With my Jewish family, and Greek girlfriend, no holiday plate is complete without either of these yearly-awaited treats. Each year, these foods which would otherwise have no place in each other’s lives, find their way into my open — and oh so welcoming — mouth. With a full heart and stomach, it’s my
joy-of-joys.
Potatoes, onion, flour, baking soda, eggs, and oil — it’s all you’ll need to welcome your family into mine. Shred, chop, and mix it all up before frying to perfection. Just remember to keep your oil hot, only flip once, and salt to your taste. Mom’s orders.
Christmas shopping begins with pork: pre-cooked, and low-sodium are a must, and with bone-in you’ll get more flavour. Prepare your favourite basting sauce (mine involves brown sugar, grainy mustard, and citrus juices) and remember to score the ham’s skin before cooking. After two hours at 325 degrees, baste, and cook for 45 minutes more. Slice and serve once covered and cooled — it’ll be hard to decide what’s juicier, the meat or the left over gravy.
At last the latke and Christmas ham can come together, united by the families who have cherished each separately year after year. As the Christmas tree shimmers in the background and the golden gelt glows on the coffee table, our traditions are shared among those who lovingly share in each other’s company. My holiday meal may not be traditional (and is far from kosher), but my belly doesn’t complain — Christmukkah is undeniably delicious.
Basic Latke Recipe
*Serves approx. 5 people
Ingredients:
3 pounds bakers’ potatoes
1 medium onion
2 eggs
1 cup flour
1 tsp baking powder
cooking oil
- Cut onion into large pieces and process in food processor until fine. Move into separate bowl. Cut potatoes in quarters and shred in processor until no longer chunky (they should not be wet or over-processed). Mix into onions.
Mom’s tip: For a small batch (2 people), hand grate potatoes. The old fashioned way is the best way. - Add flour, eggs, and baking powder. Season with salt and pepper to taste.
- Add fresh cooking oil to a skillet, just enough to cover the bottom of your pan. Heat until sizzling, not popping. Replace oil and reheat as needed.
- Spoon 4-5 large latkes into pan, careful not to overcrowd. Cook like a pancake; leave until brown and nearly cooked through on one side before flipping.
Mom’s tip: Only flip once! - Place cooked latkes on paper towels on a cooling rack. Move to serving plate when cool.

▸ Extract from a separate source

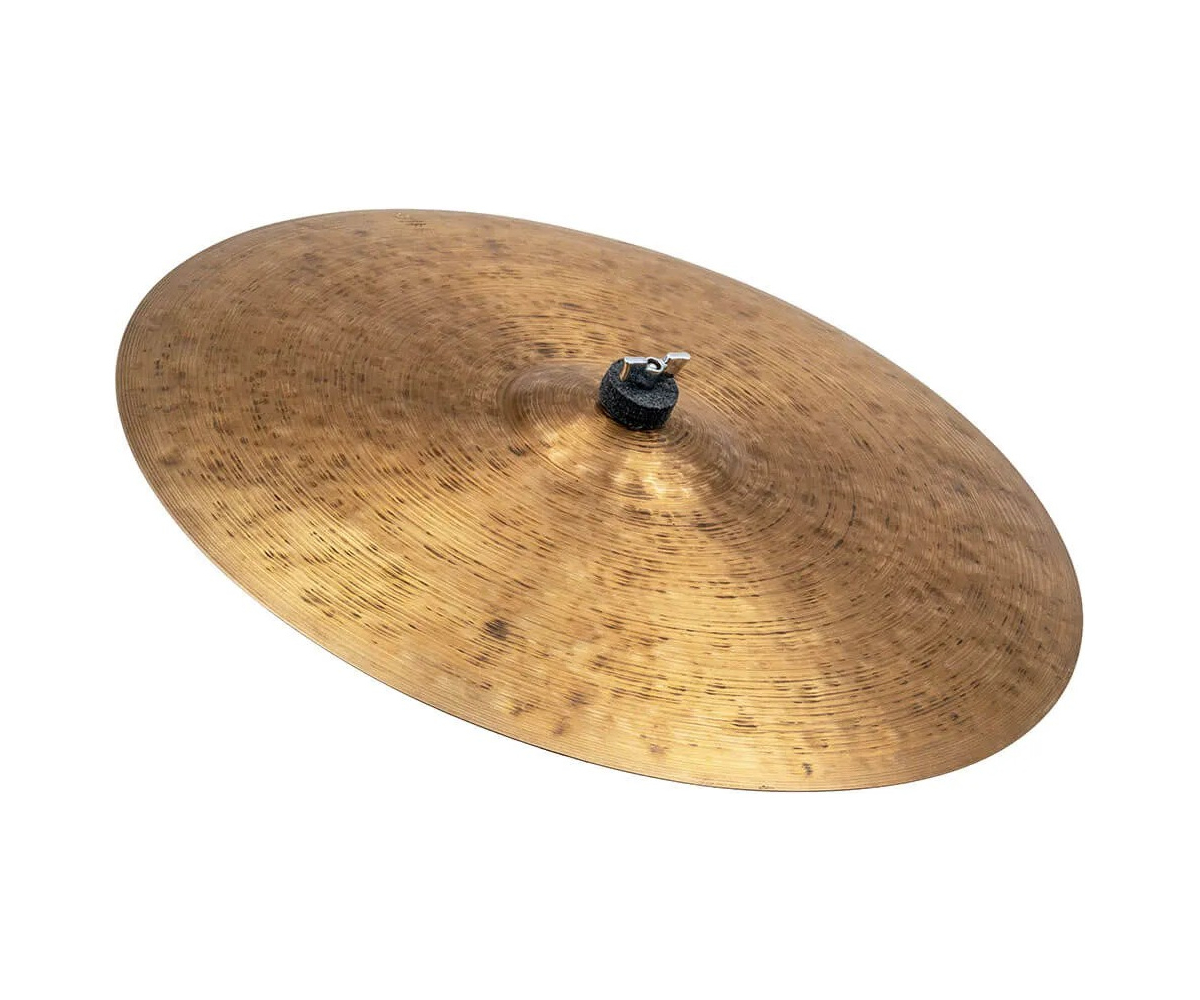 Istanbul Agop 30th Anniversary Medium Ride 20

Mom’s tip: Don’t stack directly on top of one another, no one likes a mushy latke. - Top with sour cream or apple sauce. Add extra salt if needed.
Christmas Ham
*to be eaten once per calendar year
Ingredients:
1 (10-pound) ham
1 1/4 cups packed dark brown sugar
1/3 cup pineapple juice
1/3 cup orange juice + zest (generous)
1/3 cup honey
2 tbsp grainy mustard
1/4 tsp ground cloves (optional)
pineapple rings, orange slices (optional)
Note: Buy pre-cooked ham for reduced cooking time, bone-in for most flavour, and choose the lowest sodium option you can find.
- Preheat oven to 325 degrees.
- Score skin of ham into criss-crosses. Skewer pineapple rings or orange slices to outside of ham (optional).
- Place ham in oven and bake for 2 hours.
- In a sauce pan, combine brown sugar, pineapple juice, honey, orange juice/zest, mustard, and cloves. Bring to a boil. When bubbling, reduce heat and simmer for 5-10 mins. Set aside to cool.
Note: Use your favourite mustard, as long as it’s not French’s — that’s not for cooking.
- Remove ham from oven, and brush with glaze. Bake for another 30-45 minutes, brushing on glaze every 10 minutes.
- When finished, let rest covered with foil. If left over glaze, combine with drippings for gravy, adding flour and/or cornstarch to thicken. Cut ham into 1/4 inch thick slices and serve with sauce on the side.